C’est exactement la même sensation qui s’empare de nous au cours du spectacle : rejoindre ces gais lurons et prendre part à la révolution humaniste rabelaisienne. Il faut dire que le plateau est toujours en mouvement, et que les comédiens se donnent corps et âme pour défendre leur partition : musiciens, chanteurs, danseurs, rien ne semble leur faire peur, mais rien n’est laissé au hasard : ici, les mouvements ne viennent pas combler un manque d’idée, au contraire. Jamais brouillonnes, les chorégraphies signées Jean-Marc Hoolbecq sont non seulement soignées et entraînantes, mais visuellement très réussies.

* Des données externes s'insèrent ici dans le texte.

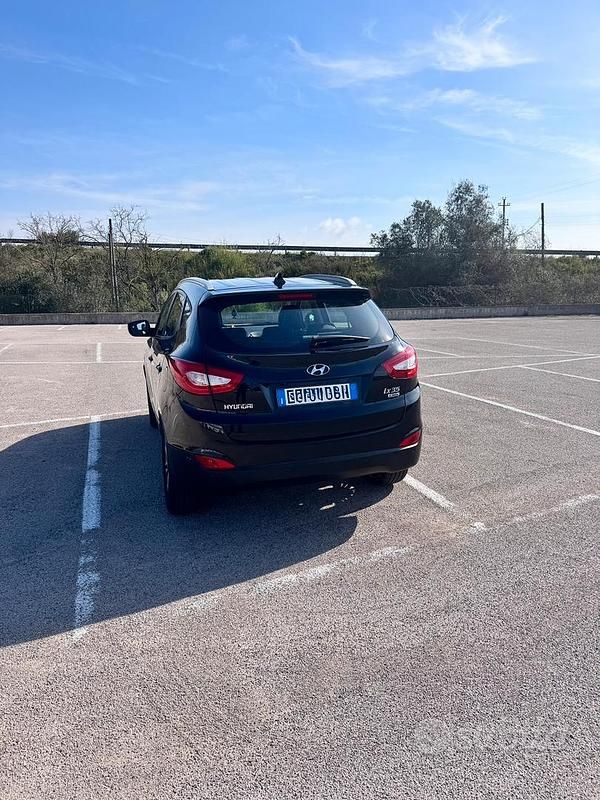 Usata Hyundai ix35 Xpossible 115 CV (84 kW) 2015 Nero SUV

Des comédiens toujours à l’École, vous avez dit ? Difficile à croire pour Ulysse Mengue, Gargantua de corps et d’esprit, déroulant notamment son propos torcheculatif avec brio, avec une verve quelque part entre Cyrano et Scapin. Difficile à croire également pour Inès Do Nascimento, éblouissante de naturel et de profondeur dans son prologue, dont la présence lumineuse prête de la grâce par la suite à chacun de ses personnages. Difficile à croire pour l’agile Aksel Carrez, dont le personnage de Gymnaste porte bien son nom, et qui nous envoûte lors de la leçon d’éducation de Ponocrates, avec sa voix claire et son visage lunaire.

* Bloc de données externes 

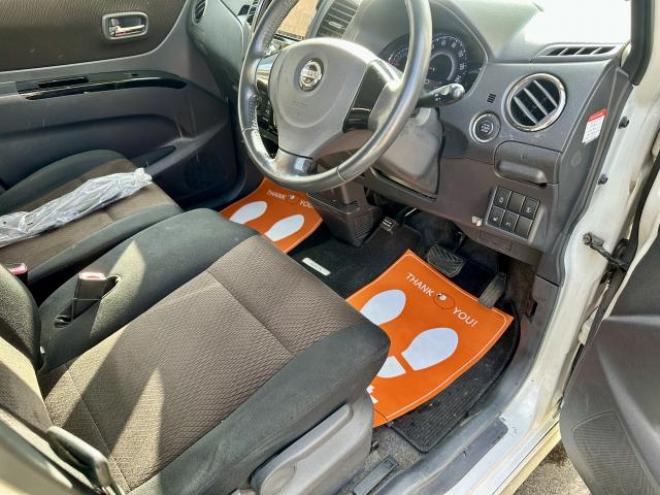 ルークスハイウェイスター　ターボ　4WD 両側電動リモコンスライドドア　タイミングチェーン車　HID スマートキー　楽ナビ　ワンセグテレビ 4WD 5 660Dr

Cela devient carrément inconcevable pour Nicolas Le Bricquir, pourtant élève en première année au Studio, qui a l’air de camper la moitié des rôles du spectacle à lui tout seul en dépensant une énergie folle et communicative dans chacun de ses personnages, sans jamais cabotiner une seule seconde. Un comédien à suivre, assurément. Saluons également la performance de Pierre-Michel Dudan, dont la merveilleuse voix de baryton vient compléter un jeu déjà empreint d’humanité.
Un spectacle riche et intelligent, qui donne envie de se replonger dans Rabelais.